Existe una guerra silenciosa y latente en cada uno de nosotros. Una batalla que pocos asumimos, que pocos queremos enfrentar. Insistimos siempre en huir de aquel cuarto oscuro, en vez de presentarle batalla a la oscuridad.
Existen heridas que no sanan, palabras que no encuentran refugio alguno, sentimientos reprimidos y angustias que no decantan en ningún lugar. Porque, en definitiva, lo que no se dice también ocupa espacio. Y así, sin más, las heridas nunca se cierran.
Dicen que mañana te va a costar menos; que lo que no te mata te fortalece, y que seguramente puedas con todo tu pesar.
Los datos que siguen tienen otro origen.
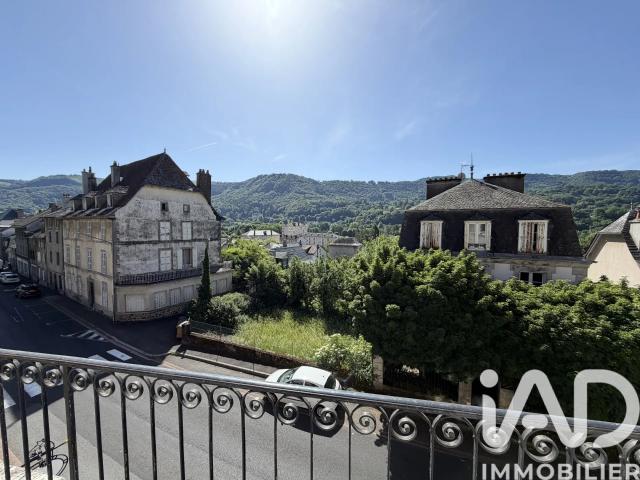 Appartement vente à Place de l'Hôtel de Ville, Vic-sur-Cère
Pero eso recién lo vas a comprender cuando decidas levantarte de tu sofá, quitarte el nudo que te aferra a su comodidad y enfrentarte al espejo, ese mismo que, sin necesidad de mentir, te va a mostrar todo aquello en lo que te abandonaste.
Tal vez perdiste aquella oportunidad de decir que algo no te gustaba, capaz obviaste partir de aquel lugar que simplemente te incomodaba, y seguro más de una vez acabaste por condenarte a un silencio innecesario.
Para priorizarnos, primero tenemos que compartirnos. No hay un yo sin otro yo. No hay una respuesta si no hay una pregunta. Y, definitivamente, no hay una meta si no hay una salida.
Llegó el tiempo de cambiar de juego. Porque ahora te toca despertar y abrazarte, de una vez por todas, a la realidad de tus lágrimas. A esa indiscutible verdad que no hace más que recordar lo vivo que estás y lo valiente que fuiste al haber transitado por semejante pesar.
Es tiempo de que saques afuera todo eso que ocupa espacio dentro. Te queda un mazo repleto de cartas en tu bolsillo… Y, ¿sabés qué?, ¡es tu turno!